Fenomenale, strepitoso, comico, più-che-catartico, uno spettacolo a metà strada tra il monologo, il cabaret e il teatro sperimentale. Antonio Rezza è un divertentissimo burattino umano (nelle mani di se stesso!!!) che cambia corpo e personaggio a seconda delle fessure dei teli (creati da Flavia Mastrella) dai quali si espone.
Le sue storie sono quasi delle barzellette. Ma l’attore-autore va oltre. I personaggi credono a ciò che dicono o fanno; Rezza però aggiunge qualcosa in più, e questo è la riflessione psicologica, sociale e morale su quel mondo, senza però giungere al teatro di denuncia.

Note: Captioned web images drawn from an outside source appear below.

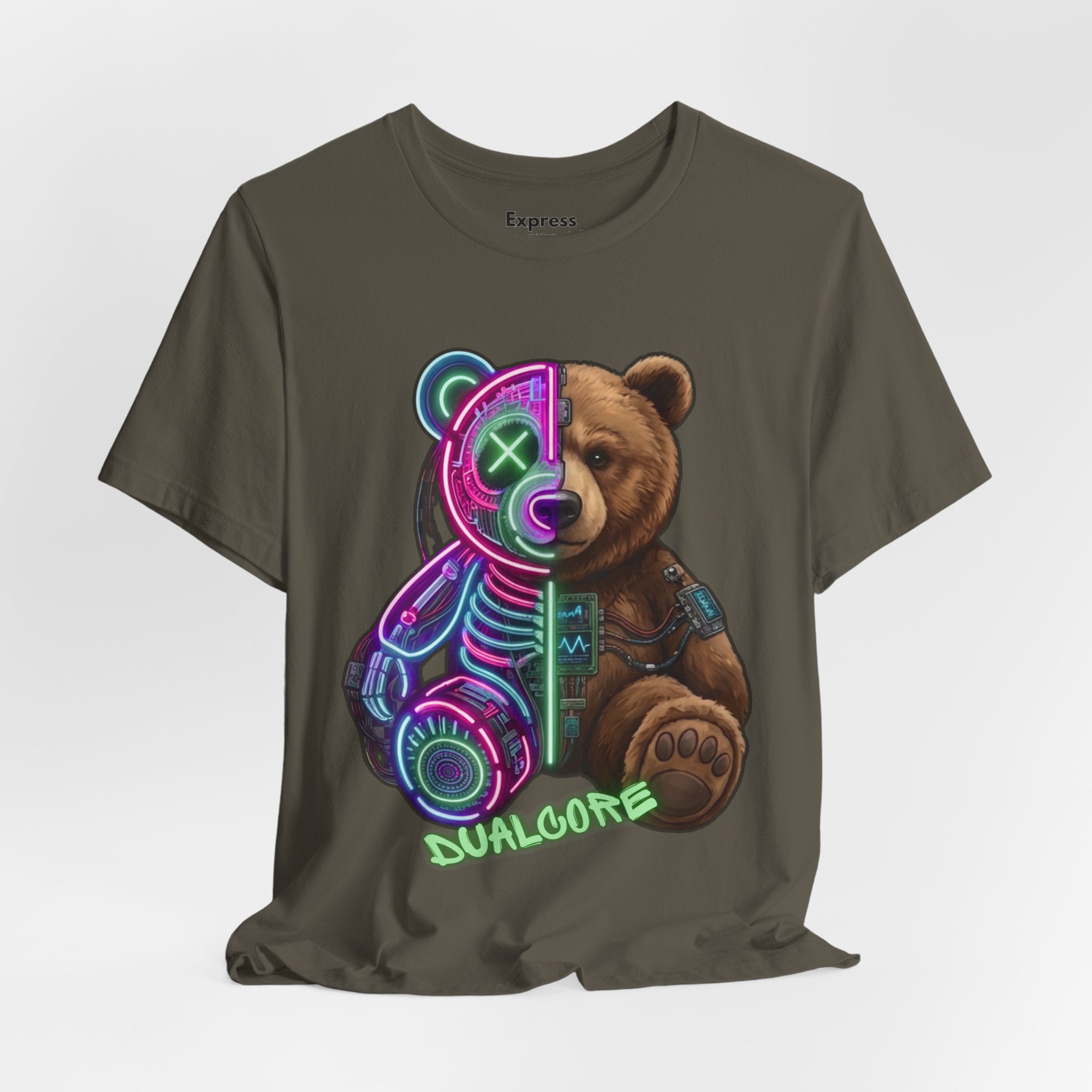 Dualcore Teddy T‑Shirt — Neon Cyberpunk Bear Graphic Tee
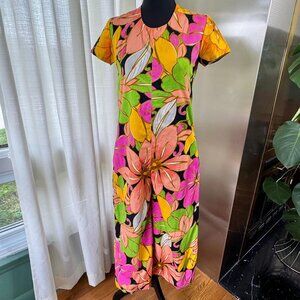 Vintage 60s palazzo jumpsuit, orange, coral, hot pink, green, black, wide legs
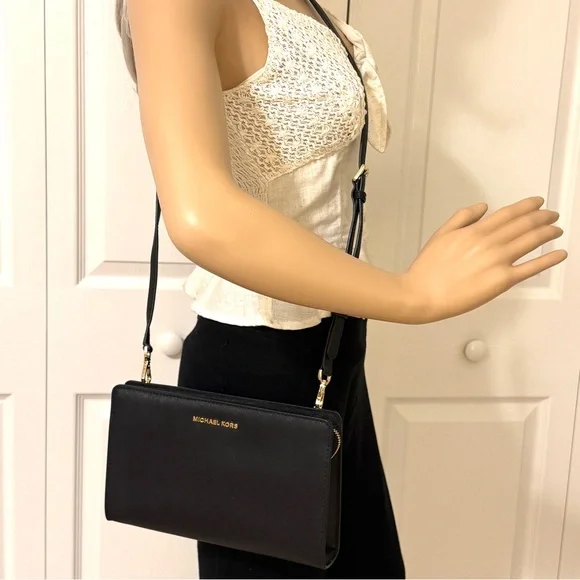 Michael Kors MK Black Crossbody Bag with Gold Accents LIKE NEW - Picture 13 of 15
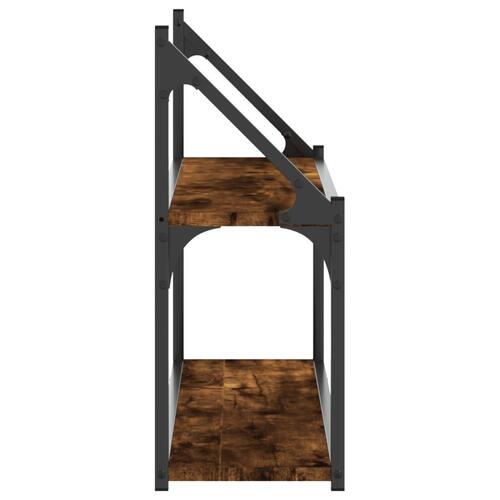 Vægreol med 2 hylder 80x21x51 cm konstrueret træ røgfarvet eg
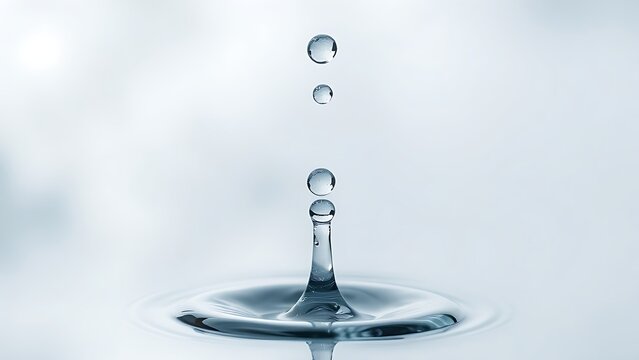 truculent. Water droplet transforming from cloudy to clear, macro detail on plain background. STEM education sheets, lab safety posters, designed for biotech research communications.
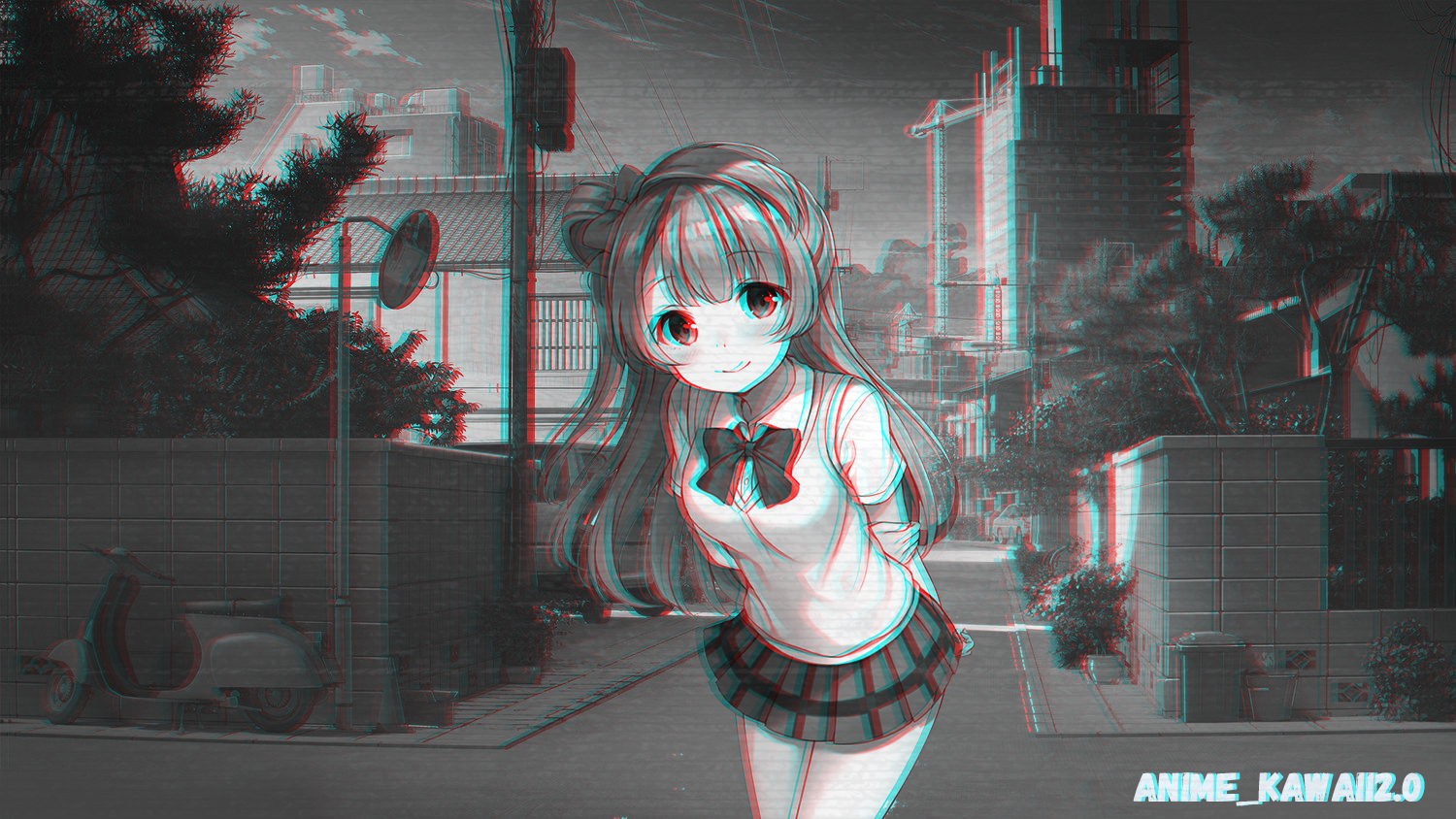 Anime girl in school uniform on urban street HD Wallpaper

La sua comicità ci riporta alla realtà di tutti i giorni, mostrandocene a volte la miseria… e in questo, pur rientrando in un certo genere di comicità assurda, ma di classe, a-tipica ma popolare, sviluppatasi a partire dal Novecento in Italia da parte di pochi geni dell’arte, più unici che rari, Rezza si distingue nettamente, rappresentando una cuspide in più, rispetto a quei geni che lo hanno preceduto, come Petrolini, Rascel o Totò. La verve di Rezza rientra in un genere che, seppur sia generalmente chiamato “comico”, tratta una comicità indefinibile per sua natura e che è costituita da artisti comici di diverso stampo, all’interno della quale Antonio Rezza costruisce, con il suo repertorio personale, non solo una cuspide angolare, ma (nella sua unicità) anche un sotto-genere che è solo suo, così come lo erano state le comicità dei comici (summenzionati) che lo hanno preceduto.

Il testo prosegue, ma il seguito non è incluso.